A escalada da violência no Mali, que na última quarta-feira (1º) vitimou um soldado jordaniano da Minusma (Missão da ONU no Mali), também levou à morte dois trabalhadores a serviço da Cruz Vermelha. As informações foram divulgadas pela própria entidade e reproduzidas pela rede Al Arabiya News.
As vítimas são um funcionário senegalês da Cruz Vermelha da Holanda e um motorista maliano que prestava serviços à entidade no país africano. Eles estavam em um carro, devidamente sinalizado com emblema da agência, que foi alvejado por homens armados pilotando motocicletas.
“Estamos chocados e tristes com a morte de nossos dois colegas da Cruz Vermelha do Mali e de Rode Kruis, que foram mortos ontem, durante um ataque de homens armados na região de Kayes, no Mali. Estendemos nossas mais sinceras condolências às suas famílias, colegas e amigos”, disse entidade em sua página no Facebook.
O carro que transportava a equipe viajava entre as cidades de Koussane e Kayes quando foi atacado. Além das duas vítimas fatais, outras duas pessoas estavam a bordo e sobreviveram. São um contador e um coordenador de projetos da Cruz Vermelha. Tanto o veículo quanto os equipamentos que ele transportava foram roubados.
De acordo com Nouhoum Maiga, secretário-geral da Cruz Vermelha do Mali, os homens armados que atacaram o veículo provavelmente eram ladrões, não terroristas. “Não é a Cruz Vermelha que foi alvo”, disse ele, acrescentando que a organização já havia sofrido roubos e sequestros de carros.

Por que isso importa?
O Mali vive um período de instabilidade política que começou com o golpe de Estado em 2012, que permitiu a vários grupos rebeldes e extremistas tomar o poder no norte do país. De quebra, a nação, independente desde 1960, viveu em maio de 2021 o terceiro golpe de Estado em um intervalo de apenas dez anos, seguindo o que já havia ocorrido em 2012 e também em 2020.
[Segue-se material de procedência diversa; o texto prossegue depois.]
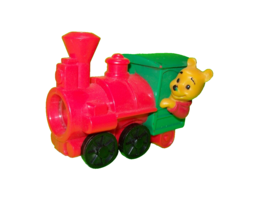 Winnie the Pooh Hold To Light Viewer Disney Big Thunder Mountain Railroad Train - £9.10 GBP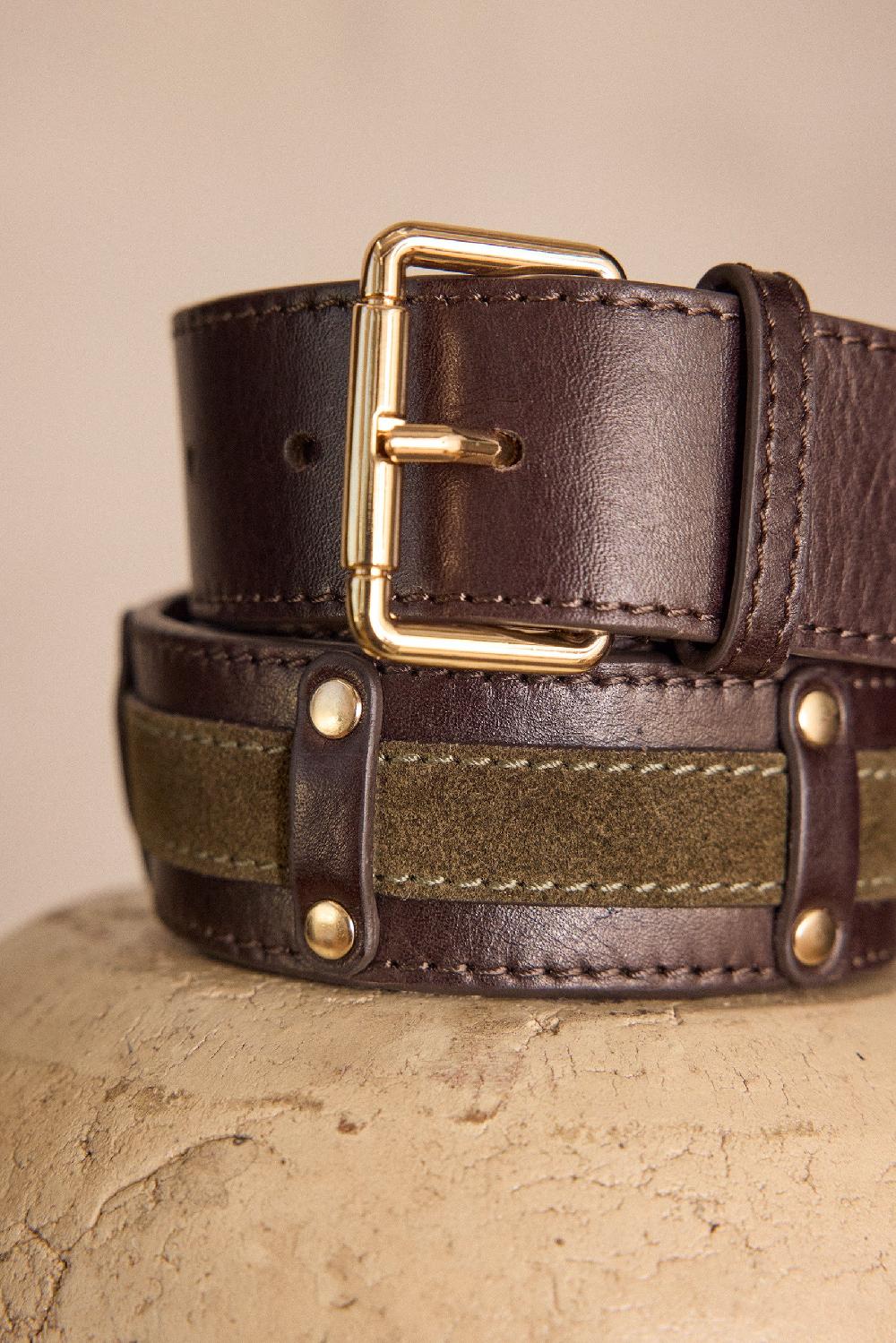 Maison 123 LEONARD Leather Belt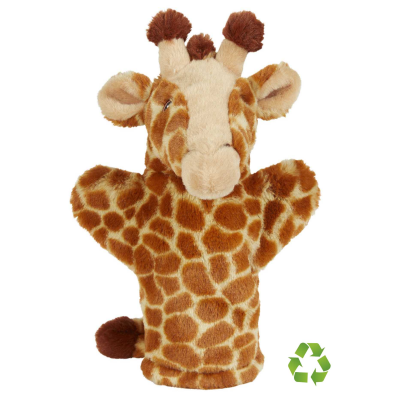 GIRAFFE PUPPET RECYCLED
A mais recente turbulência política começou semanas antes do golpe, com a demissão do primeiro-ministro Moctar Ouane pelo presidente Bah Ndaw. Reconduzido ao cargo pouco depois, Ouane não conseguiu formar um novo governo, e a tensão aumentou com a falta de pagamento dos salários dos professores. O maior sindicato da categoria, então, começou a se preparar para uma greve.
Veio a noite do dia 24 de maio, quando o coronel Assimi Goita, vice-presidente do país, destituiu Ndaw e Ouane de seus cargos e ordenou a prisão de ambos na capital Bamako. Segundo ele, os dois líderes civis violaram a carta de transição ao não consultarem o militar na formação do novo governo.
Ao contrário do que ocorreu em golpes anteriores, que contaram com apoio popular, desta vez a maior parte da população malinesa rejeitou a tomada de poder por Goita, que derrubou o governo de transição recém-instituído e assumiu o comando do país. A população civil não foi às ruas protestar contra o militar, mas usou as redes sociais para mostrar sua insatisfação.
Militarmente, especialistas e políticos ocidentais enxergam uma geopolítica delicada no país, devido ao aumento constante da influência de grupos jihadistas ligados à Al-Qaeda e ao Estado Islâmico (EI) e à consequente explosão da violência nos confrontos entre extremistas e militares. Além disso, trata-se de uma posição importante para traficantes de armas e pessoas, e o processo em curso de redução das tropas franceses, que atuam no país desde 2013, tende a piorar a situação.
Os conflitos, antes concentrados no norte do país, se expandiram inclusive para os vizinhos Burkina Faso e Níger. A região central do Mali se tornou um dos pontos mais violentos de todo o Sahel africano, com frequentes assassinatos étnicos e ataques extremistas contra forças do governo.
Colabora para piorar a situação a ruptura entre o governo maliano e seu principal parceiro ocidental para gestão da segurança, a França. Desde o ano passado, as forças armadas francesas iniciaram um processo de retirada de tropas, o que gerou dúvidas quanto à capacidade de o Mali sustentar os avanços na luta contra o jihadismo.
Uma das razões para a retirada francesa foi o acordo com os mercenários do Wagner Group firmado pelo coronel Assimi Goita, que assumiu o poder no golpe de Estado de maio de 2021. Paris e as demais nações ocidentais contestam a parceria e acusam a organização russa, supostamente ligada ao Kremlin, de cometer crimes de guerra em conflitos nos quais esteve envolvida em todo o mundo.
Fontes sustentam que o pagamento pelos serviços da organização seria de US$ 10,8 milhões por mês, dinheiro que vem da extração de minerais, acreditam especialistas. O governo do Mali, entretanto, alega que os russos são apenas instrutores e “não estão em funções de combate”.